A former ex-classmate of MBS Sentul forwarded to me some old pictures of KL (source unknown) with captions. Below is the first I have chosen to comment on. From the captions of other pics, the MBS mentioned actually referred to the school in KL town centre and not in Sentul. But I happened to know a grandson of Tan Chong briefly (Dr. Tan Kang Leong), who studied for a short period in Methodist Afternoon School, a private school using the same premises as MBSS, run by Capt.(Rtd) Lim Swee Hong, but as the name suggests, in the afternoon session.
Caption: A few MBS alumni worked at P&A dept of Tan Choong Motors, the sole agent / distributor of Datsun ( Nissan ) vehicles circa 1950s. Not a very popular Japanese vehicle brand then ...
Now known as Edaran Tan Choong, its Head office / show room is still based at Jalan Ipoh since its founding from the early 50s.
Below is a picture in my possession of my father's vehicle repair shop in 1928, at No.91 Jalan Ipoh, KL. He was standing (third from the right), a boss at the age of 19! Looking at the above picture, TCM is at the junction of Jalan Raja Laut and Jalan Ipoh (on the right). No. 91 (one of many shops owned by Yap Seng Chye, who had a liquor shop and Esso petrol station near junction of Jalan Kovil Hilir/Jalan Ipoh) was just a stone's throw away across the now Jalan Ipoh dual carriageway.
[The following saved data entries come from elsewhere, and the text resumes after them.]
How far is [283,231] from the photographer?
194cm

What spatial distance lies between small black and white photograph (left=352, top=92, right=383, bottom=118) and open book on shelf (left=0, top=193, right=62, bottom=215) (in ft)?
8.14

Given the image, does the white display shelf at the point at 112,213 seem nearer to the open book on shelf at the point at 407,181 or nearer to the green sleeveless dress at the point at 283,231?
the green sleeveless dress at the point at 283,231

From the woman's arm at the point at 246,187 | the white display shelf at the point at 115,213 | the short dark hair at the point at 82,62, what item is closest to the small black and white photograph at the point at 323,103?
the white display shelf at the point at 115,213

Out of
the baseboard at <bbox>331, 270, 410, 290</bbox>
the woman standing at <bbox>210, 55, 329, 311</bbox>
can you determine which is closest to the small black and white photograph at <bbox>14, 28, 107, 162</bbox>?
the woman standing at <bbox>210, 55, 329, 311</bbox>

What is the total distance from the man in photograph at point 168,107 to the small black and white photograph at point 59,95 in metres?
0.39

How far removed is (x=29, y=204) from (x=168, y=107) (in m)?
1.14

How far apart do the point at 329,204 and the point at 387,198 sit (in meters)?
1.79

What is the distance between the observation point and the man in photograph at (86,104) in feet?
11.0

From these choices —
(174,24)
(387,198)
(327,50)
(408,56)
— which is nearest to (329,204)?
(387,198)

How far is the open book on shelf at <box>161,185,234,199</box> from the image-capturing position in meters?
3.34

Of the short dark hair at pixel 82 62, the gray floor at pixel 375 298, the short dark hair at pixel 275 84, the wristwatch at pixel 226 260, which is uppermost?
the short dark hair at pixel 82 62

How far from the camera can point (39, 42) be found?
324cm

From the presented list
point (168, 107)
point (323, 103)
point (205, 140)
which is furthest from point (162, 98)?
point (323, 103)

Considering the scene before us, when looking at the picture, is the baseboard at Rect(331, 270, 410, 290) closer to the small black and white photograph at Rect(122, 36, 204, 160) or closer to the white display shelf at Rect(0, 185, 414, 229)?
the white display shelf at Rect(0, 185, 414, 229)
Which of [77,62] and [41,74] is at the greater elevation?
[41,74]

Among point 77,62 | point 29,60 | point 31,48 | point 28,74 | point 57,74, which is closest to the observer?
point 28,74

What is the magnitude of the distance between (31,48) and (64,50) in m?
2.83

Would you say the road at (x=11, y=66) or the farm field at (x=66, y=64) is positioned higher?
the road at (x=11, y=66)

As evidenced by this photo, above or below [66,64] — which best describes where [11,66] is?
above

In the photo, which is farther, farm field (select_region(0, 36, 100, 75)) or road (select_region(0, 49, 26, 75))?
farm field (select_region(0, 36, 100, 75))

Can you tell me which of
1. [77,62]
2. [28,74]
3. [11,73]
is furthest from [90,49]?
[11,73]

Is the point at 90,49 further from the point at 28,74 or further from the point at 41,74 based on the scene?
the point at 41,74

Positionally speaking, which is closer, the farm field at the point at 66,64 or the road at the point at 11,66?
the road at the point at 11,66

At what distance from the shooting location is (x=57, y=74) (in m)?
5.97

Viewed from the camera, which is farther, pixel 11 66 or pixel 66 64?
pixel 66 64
When I was a child in the 1960s, my father was sharing a used car business with a Mr. Leong Ah Sum. Only on rare occasions when my brothers were busy, he had to drive a car (Austin A30 or A35) from the shop to fetch me from school. Near the shop was an Indian shop selling spices and the strong smell I can imagine till today! I first tasted teh tarik at a stall nearby. I can still remember the appealing colour which I now know as colouring! Lunch at the corner Hainanese coffee shop (facing TCM across Jalan Ipoh) was a treat to me, a change from my mother's usual. Occasionally, a Hainanese selling chicken rice would drop by. He carried his stuff on two containers held by a kandar stick. He would bet with his customers, using his chicken rice as stake! His was the first time I had chicken rice rolled into a ball.